Chicago Sun-Times syndicated-columnist Robert Novak was born in Joliet, Illinois on Feb. 26, 1931. He attended Joliet public schools and graduated from Joliet Central High School in 1948. Bob started to work part-time for The Joliet Herald-News when he was an undergraduate student and English major. He also wrote some stories for The Daily Illini and The Champaign News-Gazette. Novak graduated from the University of Illinois in 1952.
Novak served two years in the US Army during the Korean War. After military service, he reported for Associated Press and later covered Congress for The Wall Street Journal. In 1963, Novak started what turned out to be a thirty-year collaboration with journalist Rolland Evans in publishing The Evans-Novak Political Report newsletter and a separate joint column on politics.

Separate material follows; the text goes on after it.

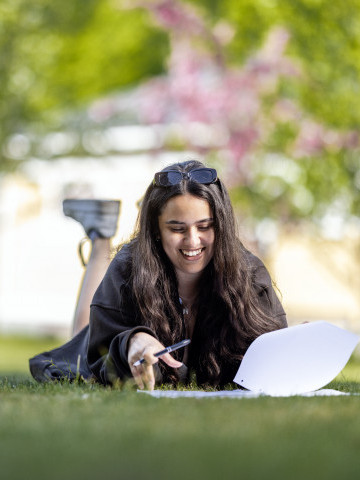 2025 Studerande på gräsmatta 2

Evans and Novak started their column for The Chicago Sun-Times in 1966 and that became their brand-name "home" newspaper and sponsor for their syndication. Rollie Evans retired from the column in 1993 and passed away in 2001 but Novak continued alone with many of the journalism enterprises he started with Evans including a TV show that still includes Evans' name.
Novak's political views have moved from moderately liberal in the 1960s to conservative by the time of the Reagan Administration in the 1980s. Novak was a friend and admirer of Presidents John F. Kennedy and Lyndon B. Johnson. But he was also a cold warrior who worried about the advance of global Soviet-sponsored expansion efforts in the 1970s. He is still a registered Democrat in the District of Columbia where he is able to vote in Democratic primaries that determine the winners of city council and mayoral races.
Novak has been honored at various times by the Illinois State Society of Washington, DC along with other national journalists from Illinois such as David Broder, Georgie Ann Geyer, George Will, Hal Bruno, John Palmer, Bill Kurtis, John McWethy, and the late Frank Reynolds and John Chancellor.
Bob Novak has been a panelist on numerous TV news shows for CNN and Fox Television and syndicated programs. He has written five books including a biography of Lyndon Johnson and two books about the administrations of Richard Nixon and Ronald Reagan.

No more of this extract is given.